§ **RAW DATA**:
┏━━

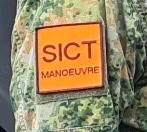 Gezocht: SICT Manoeuvre patch, Verzenden, Zo goed als nieuw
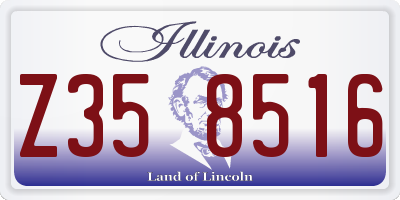 IL license plate Z358516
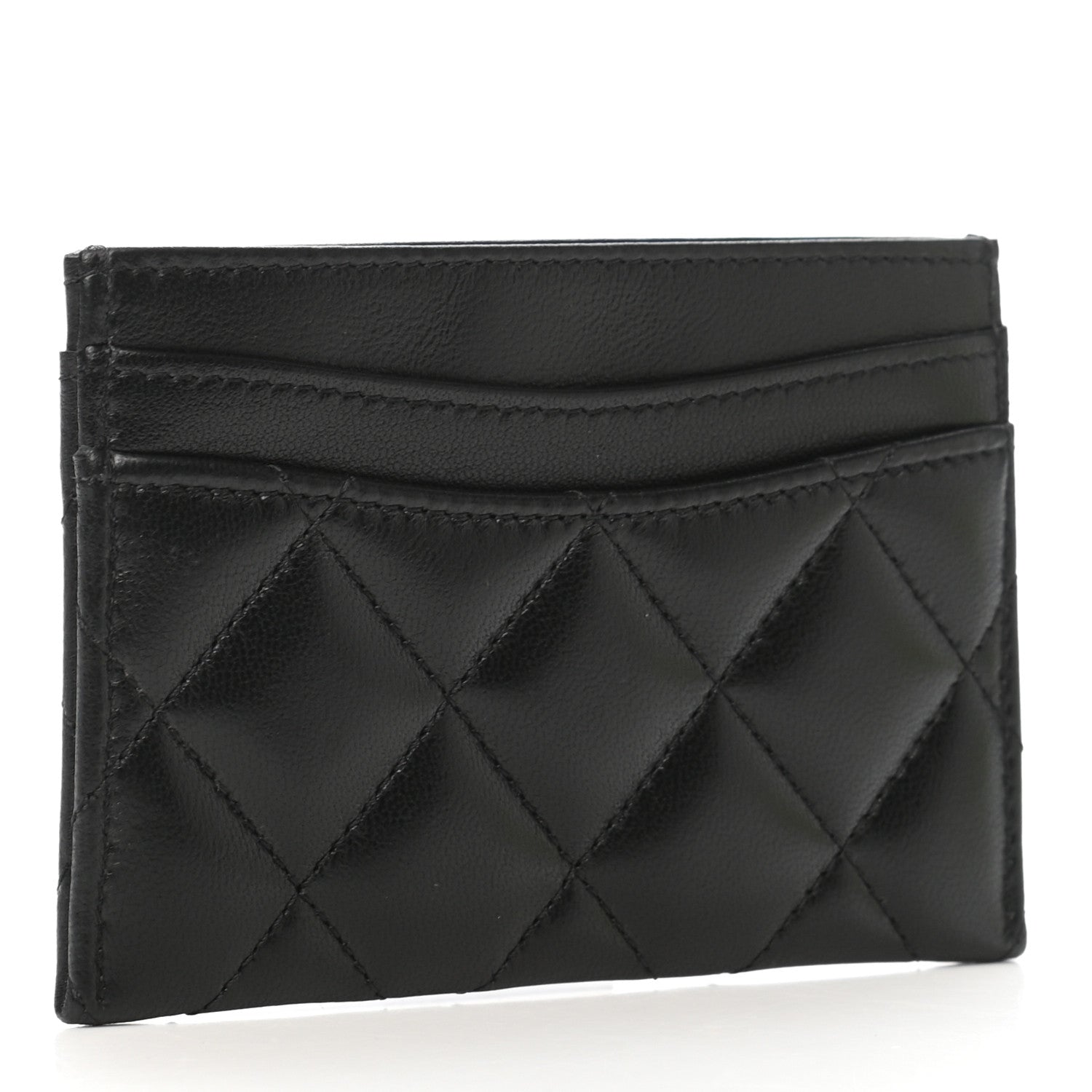 Chanel Lambskin Quilted Card Holder So Black 3 of 9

┗━━

§ **DIRECTIONS FOR THIS TASK**:
Everything in the listing above must be retyped exactly, except for the pictures.

§ **TASK SOLUTION**:
 Gezocht: SICT Manoeuvre patch, Verzenden, Zo goed als nieuw
 IL license plate Z358516
 Chanel Lambskin Quilted Card Holder So Black 3 of 9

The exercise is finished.